Die ausgewählten Werke waren nicht nur für Einsteiger reizvoll, die mehr über den großen Romantiker Robert Schumann (1810 – 1856) erfahren wollten. Auch eingefleischte Schumann-Freunde hatten sicher ihre helle Freude, besonders an der makellosen und wunderbar beseelten Darbietung des berühmten Klavierquintetts in Es-Dur. Am 8. Januar 1843 war es mit Clara Schumann am Klavier im Leipziger Gewandhaus uraufgeführt und begeistert gefeiert worden.

Das Publikum in der Aschaffenburger Stadthalle war so hingerissen, dass sich der mit Trampeln gemischte Applaus anhörte, als wäre der 1000-Sitze-Saal voll besetzt. Ein technisch überragendes, farblich fein austariertes Zusammenspiel mit Pianist Möller hatten die musikalischen »Himmelsstürmer« Anna Katharina Wildermuth (Violine), Noémi Zipperling (Violine), Caspar Vinzens (Viola) und Lukas Sieber (Violoncello) dargeboten. Sie bewiesen, dass sie neben sinfonischer Dichte und sprühender Energie jenen Schwebezustand fern von aller Erdenschwere heraufbeschwören können, der zu den köstlichsten Momenten des Es-Dur-Quintetts gehört. Zum Beispiel der verträumte Dialog zwischen Cello und Bratsche im ersten Satz, eingebettet in weiche, schmeichelnde Klavierarpeggien.

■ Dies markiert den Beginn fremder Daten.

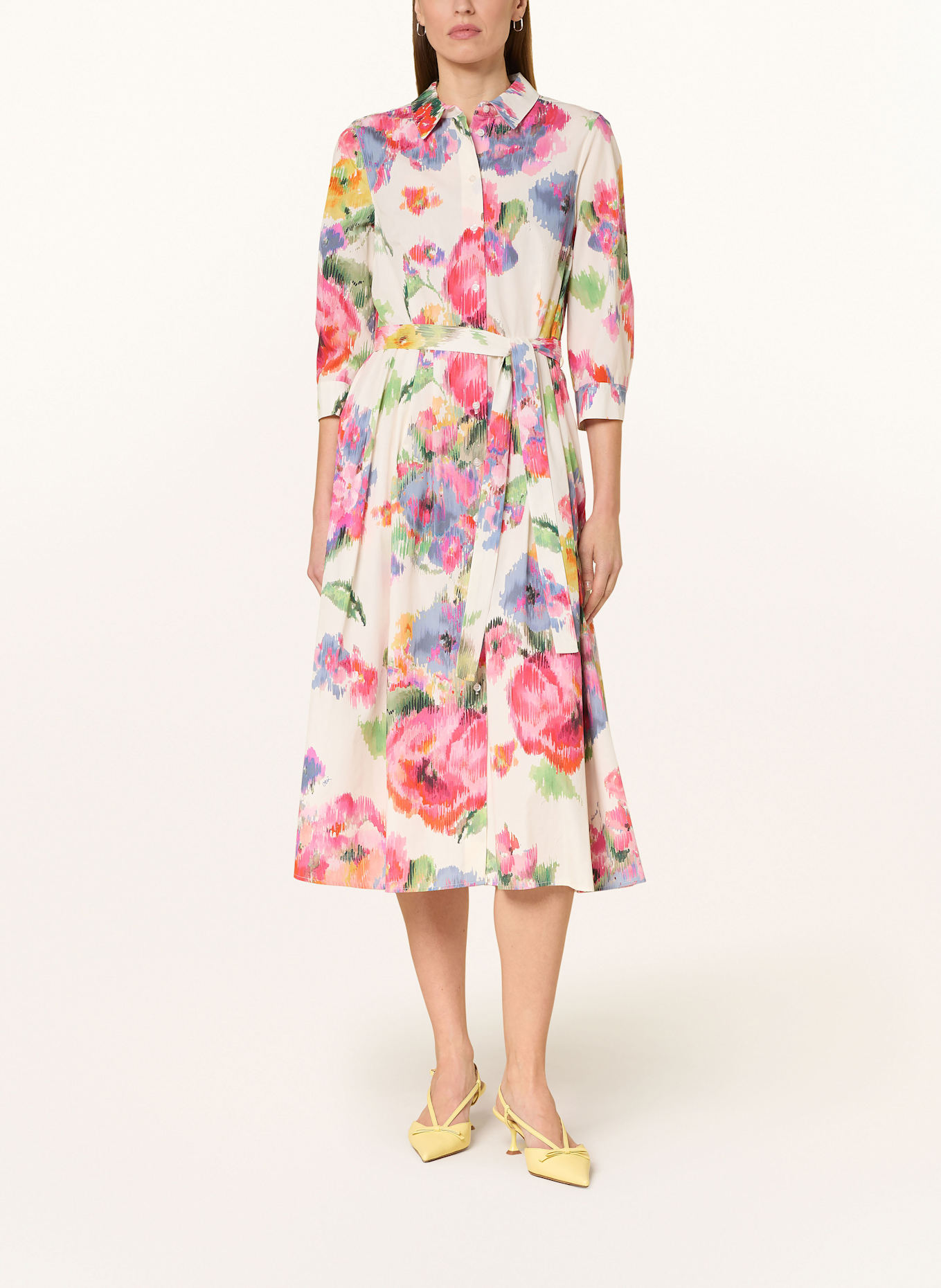 oui Hemdblusenkleid mit 3/4-Arm: ECRU/ PINK/ HELLGRÜN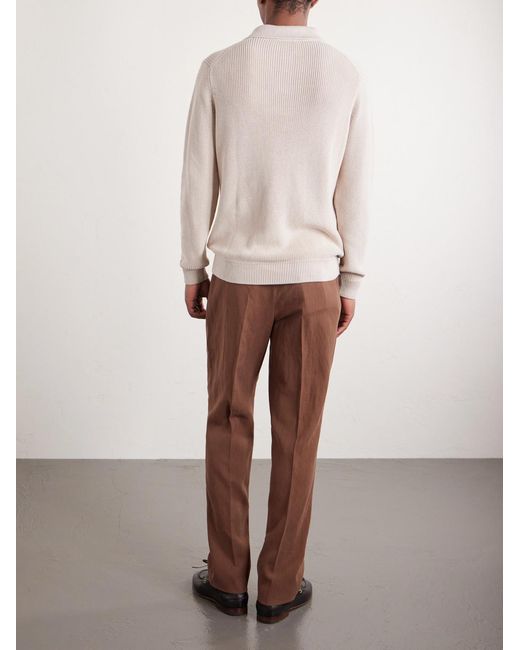 Thom Sweeney Natural Cotton Long Sleeve Polo for men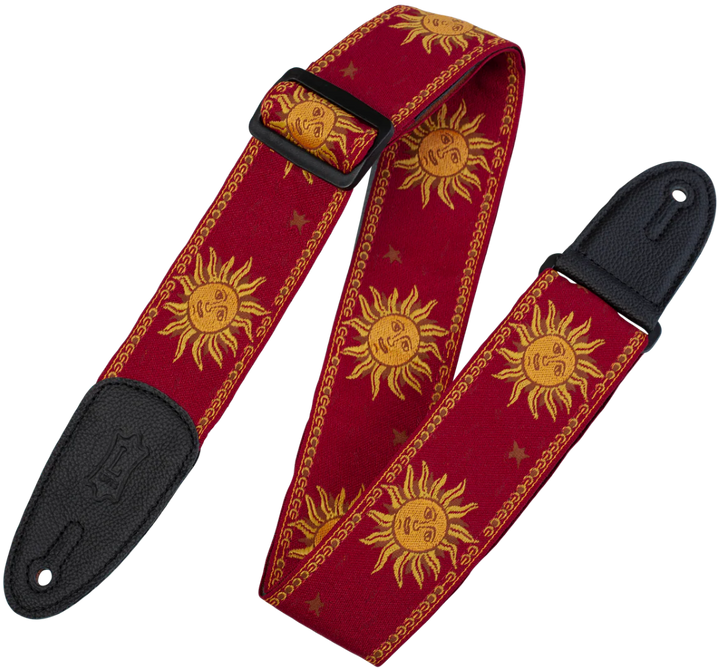 Levys MPJG-SUN-RED 2\" Wide Jacquard Guitar Strap - Red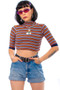 Vintage 90's Rainbow Stripe Rainbow Patch Mock Neck Top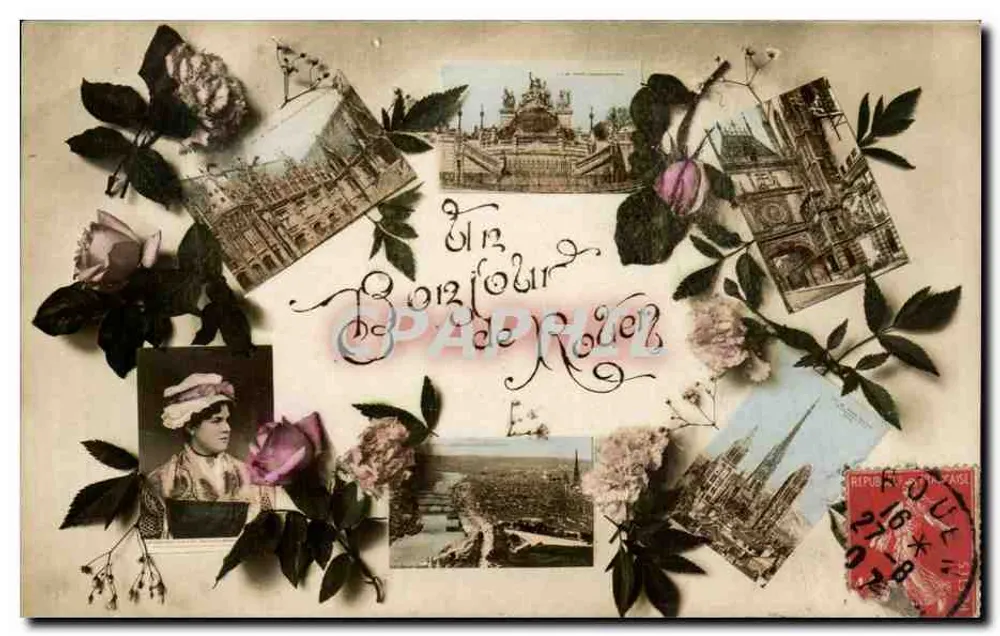 Bloemencollage met uitzicht op Parijs — Universele Postale Unie - Voorkant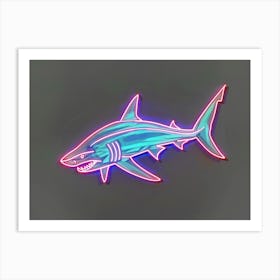 Neon Red Mako Shark 5 Art Print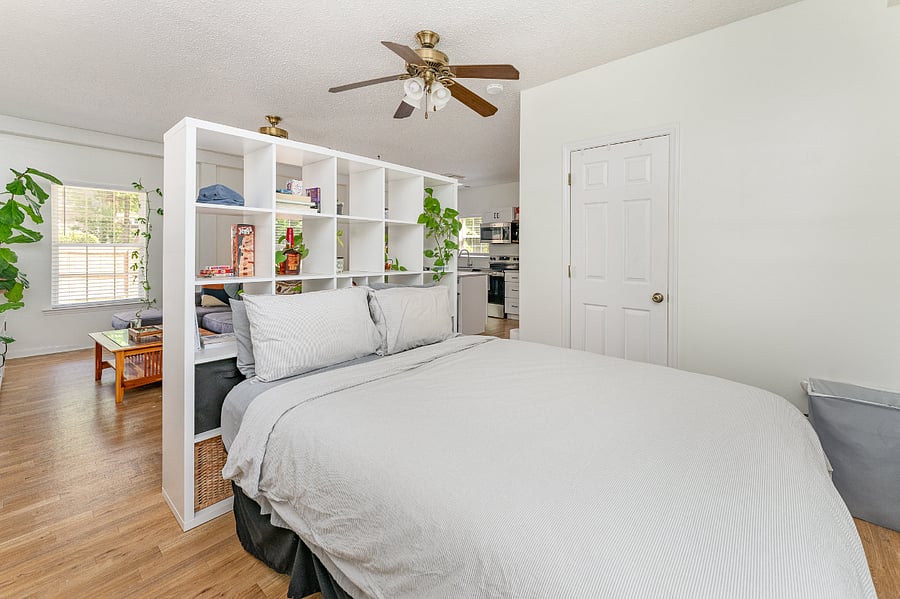 Queen-sized bed with walk-in closet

Der Widerstreit der gestalterischen Kräfte, die Schuman selbst »Florestan, der Wilde« und »Eusebius, der Milde« nannte, durchzieht alle vier Sätze. Das »Allegro brillante« beginnt hochfahrend und birgt doch schon eine Ahnung der kommenden Dramatik. Der zu Herzen gehende, immer wieder leidvoll stockende und von lichten Passagen durchbrochene Trauermarsch »In Modo d‘una Marcia« gipfelt in einem aufgewühlten Agitato, dem Angelpunkt der Komposition. Das »Scherzo. Molto vivace« strotzt vor virtuoser Vitalität, besonders in den zwei reizvoll kontrastierenden Trios.

FUGENARTIGES FINALE

Das fugenartigen Finale »Allegro non troppo« steigert sich furios, bevor nach zweimaligem Verzögern der triumphale Schluss als Feuerwerk in Dur explodiert.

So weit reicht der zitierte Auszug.